L’Académie des sciences, lettres et arts

L’Académie avait, peu après sa fondation, choisi pour emblème le phénix et pour  devise : « Aux premiers rayons [du soleil], je renais », car elle était persuadée de l’existence d’une académie à Marseille dans l’Antiquité grecque. Cette devise prit un sens nouveau lorsqu’Achard ressuscita l’Académie à travers le « Lycée des sciences et des arts » dès 1799, avec l’aide des astronomes Saint-Jacques de Sylvabelle et Thulis qui avaient dirigé l’observatoire. Plusieurs membres de l’ancienne Académie vinrent les rejoindre et ils cooptèrent aussi des artistes. Cette réunion d’esprits choisis obtint l’appui du premier préfet des Bouches-du-Rhône, Charles Delacroix, qui en devint président. Elle reprit en 1802 le nom d’académie lorsque celui de lycée fut choisi à partir de l’an VIII (1800) pour les établissements d’enseignement secondaire. L’Académie était installée dans le ci-devant couvent des Bernardines (actuel lycée Thiers), siège également de la bibliothèque, du musée et du lycée. En 1806, son nouveau règlement fixa définitivement le nombre de ses fauteuils à quarante. Thibaudeau, successeur de Delacroix, souhaitait qu’elle s’occupe avant tout de travaux scientifiques et d’histoire. Elle devint Académie des sciences, lettres et arts. Elle reprit la publication annuelle de Mémoires. En 1832, elle accueillait Lamartine, de passage  à Marseille, qui lui donnait la primeur de son poème Adieux à la France en prélude à son voyage en Orient.

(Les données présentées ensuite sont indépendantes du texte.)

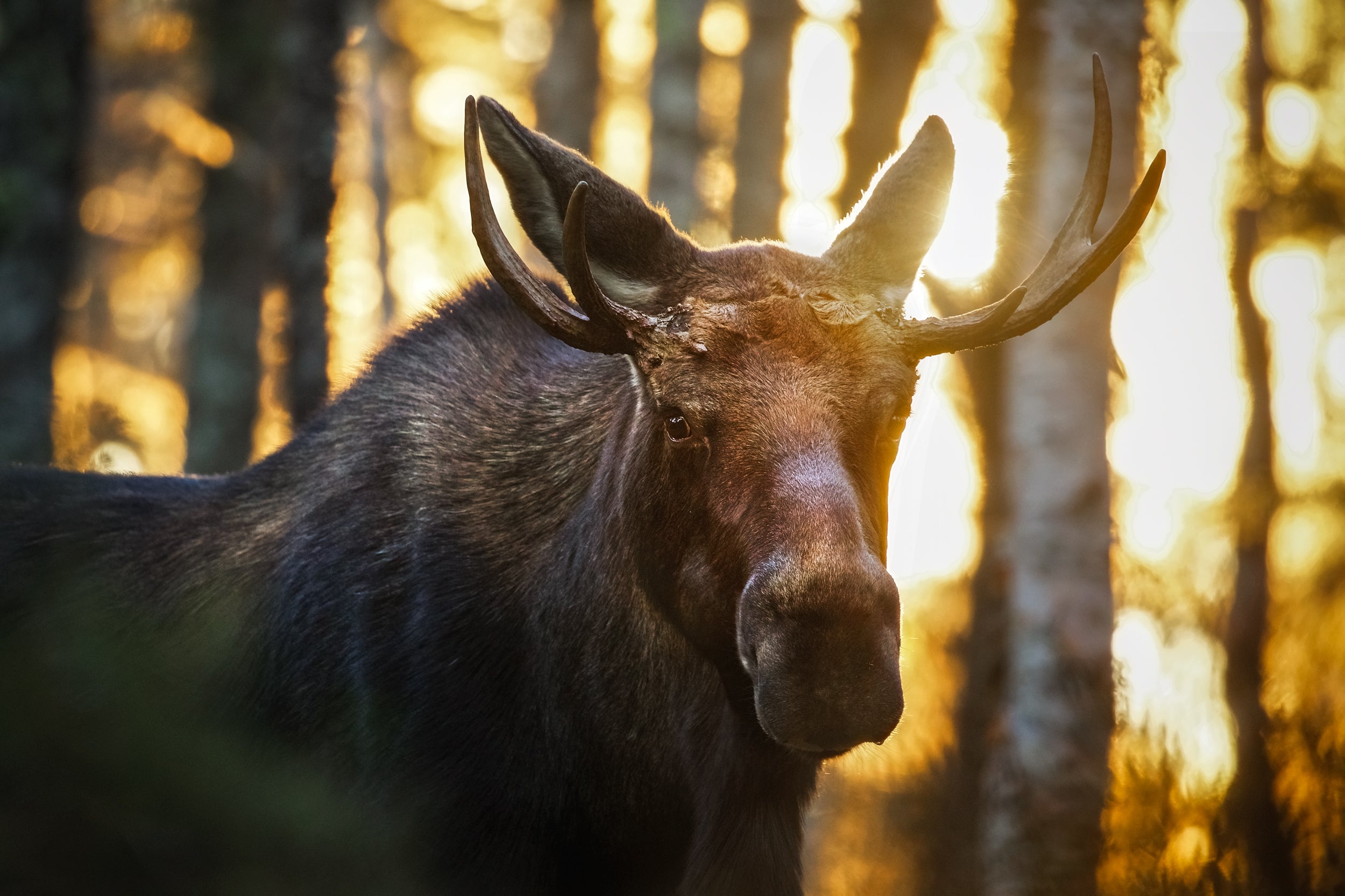 Moose - Autumn 043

Le baron Félix de Beaujour, membre associé, dont le gigantesque tombeau, le plus haut du Père-Lachaise, précise qu’il était « né à Sénas, Bouches-du-Rhône », fonde en 1832 le prix qui porte son nom.  

 

 Au cours des XIXe et XXe siècles, l’Académie sait s’adapter à l’évolution de la société marseillaise. Certes, selon une situation alors unique en France, Marseille doit partager avec Aix les facultés : à Aix celles de théologie (supprimée en 1885), de droit et de lettres ; à Marseille, la faculté des sciences et l’école de médecine, qui deviendra faculté en 1930. L’Académie marseillaise doit en fait surtout partager les juristes avec sa soeur aixoise - née en 1829 d’une société antérieure -, car le lycée de Marseille rassemble longtemps davantage de littéraires que la très modeste faculté d’alors et certains professeurs aixois habitent Marseille et entrent à son Académie – c’est le cas de Mgr Antoine Ricard (1834-1895), titulaire de la chaire de dogme à la faculté de théologie, auteur d’innombrables ouvrages. L’Académie puise aussi ses membres parmi les autres fonctionnaires en poste dans la ville et dans l’élite industrielle et portuaire qu’incarne par exemple Jules Charles-Roux. Elle bénéficie aussi longtemps de l’attachement aux lettres et aux arts de rentiers instruits ou exerçant des professions encore peu astreignantes. Bien des Académiciens ont laissé par leur œuvre ou leur action un souvenir que perpétue un nom de rue ou d’un établissement public. Des spécialistes des sciences et de la médecine : Leverrier, Lautard, Clot-bey, Heckel, Charles Livon. Des écrivains : Joseph Méry, Bénédit, Horace Bertin, Edouard Peisson. Des peintres et sculpteurs : Loubon, Aldebert, Botinelly. Des musiciens : Albrand, Théodore Thurner, Pierre Barbizet. Des mécènes, tels Jules Cantini. Certains ont même mérité une statue : Frédéric Mistral, Frantz Mayor de Montricher, Fortuné Marion, Valère Bernard.

 

L’Académie avait dû rendre sa salle des Bernardines à la suite de la construction sous le Second Empire du Palais des arts (ancienne bibliothèque et conservatoire), où elle se trouvait hébergée en un local assez étroit. Elle était parvenue, sous la Monarchie de Juillet, à distendre ses liens avec le pouvoir en place ; mais la contrepartie était une certaine exiguïté de ses ressources, qui allaient désormais être réduites aux cotisations de ses membres et à quelques legs. Aussi fut-elle comblée de bénéficier du don par Madame Dosne, belle-soeur d’Adolphe Thiers, de la maison natale du premier président de la IIIe République, agrandi de l’immeuble contigu. Elle put s’y installer en 1902, devenant paradoxalement la gardienne de la mémoire d’un Marseillais tôt établi à Paris qui ne figura jamais parmi ses membres.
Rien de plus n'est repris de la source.